Eugene Allen, a/k/a “Poncho,” 44, was sentenced to 360 months in federal prison for Conspiracy to Possess with Intent to Distribute and to Distribute 500 Grams or More of Cocaine and 50 Kilograms or More of Marijuana, said David H. Estes, Acting U.S. Attorney for the Southern District of Georgia. Allen was convicted of the charge by a U.S. District Court jury in August 2019. After completion of his prison term, Allen must serve eight years of supervised release. There is no parole in the federal system.
“Using contraband cell phones to circumvent prison monitoring of his conspiracy, Eugene Allen directed nearly two dozen others outside the prison to bring large amounts of drugs to the Savannah area for distribution throughout the region,” said Acting U.S. Attorney Estes. “Our diligent law enforcement partners shut down this poison distribution network, and Allen is the final member of this conspiracy to now find himself in federal prison.”
As described in court documents and testimony, Allen – a high-ranking member of the Gangster Disciples criminal street gang – has been in state prison since 2004 after violating parole on a prior state conviction. In 2006, he was convicted of multiple violent crimes, including murder, and sentenced to life in prison. While incarcerated in Autry State Prison and at Coffee Correctional Facility, Allen used cell phones – dropped in by remote-control drone aircraft, or smuggled via prison guards – to direct the other members of the conspiracy.
In an investigation dubbed Operation Five Hole started in 2014, the FBI, the Chatham-Savannah Counter Narcotics Team (CNT) and the Savannah Police Department determined that those co-conspirators shipped or delivered kilogram amounts of drugs, including cocaine, crack cocaine, heroin and marijuana, from California to Atlanta, and then to Savannah for distribution throughout the area, often concealing the shipments in candy machines.
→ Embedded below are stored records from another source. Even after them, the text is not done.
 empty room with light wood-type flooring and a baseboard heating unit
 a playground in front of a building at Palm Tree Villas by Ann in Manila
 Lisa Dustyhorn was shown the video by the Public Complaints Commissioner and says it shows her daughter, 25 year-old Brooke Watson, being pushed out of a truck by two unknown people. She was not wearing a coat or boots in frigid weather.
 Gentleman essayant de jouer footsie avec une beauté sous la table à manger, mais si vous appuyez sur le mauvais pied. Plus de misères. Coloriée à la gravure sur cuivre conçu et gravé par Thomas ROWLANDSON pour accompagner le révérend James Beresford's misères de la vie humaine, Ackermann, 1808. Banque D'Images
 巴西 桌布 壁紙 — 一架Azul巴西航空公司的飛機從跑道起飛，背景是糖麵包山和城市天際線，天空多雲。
Co-conspirators also shipped large quantities of vacuum-sealed cash to pay the sources of supply.
Allen and 19 co-defendants were indicted in U.S. District Court in 2017 for their roles in the drug trafficking conspiracy. All have been adjudicated, with17 found guilty and sentenced and two cases dismissed. Another 12 related defendants also have been sentenced. Many of the defendants also were convicted and sentenced for related state charges.
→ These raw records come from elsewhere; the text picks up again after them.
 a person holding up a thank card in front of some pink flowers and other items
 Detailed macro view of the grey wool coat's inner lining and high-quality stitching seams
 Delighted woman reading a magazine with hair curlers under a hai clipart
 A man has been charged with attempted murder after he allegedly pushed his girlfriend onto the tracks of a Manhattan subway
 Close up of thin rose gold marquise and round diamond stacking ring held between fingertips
“This sentencing is the result of the hard work and dedication of multiple federal state and local law enforcement agencies, as part of the FBI’s Violent Crimes Task Force,” said Chris Hacker, Special Agent in Charge of FBI Atlanta. As a result, Allen, who continued to wreak havoc in the community even after his state prison sentence will now face federal prison time, without the possibility for parole. Hopefully, this sends the message that the FBI and our partners will go to any length to uphold the law.”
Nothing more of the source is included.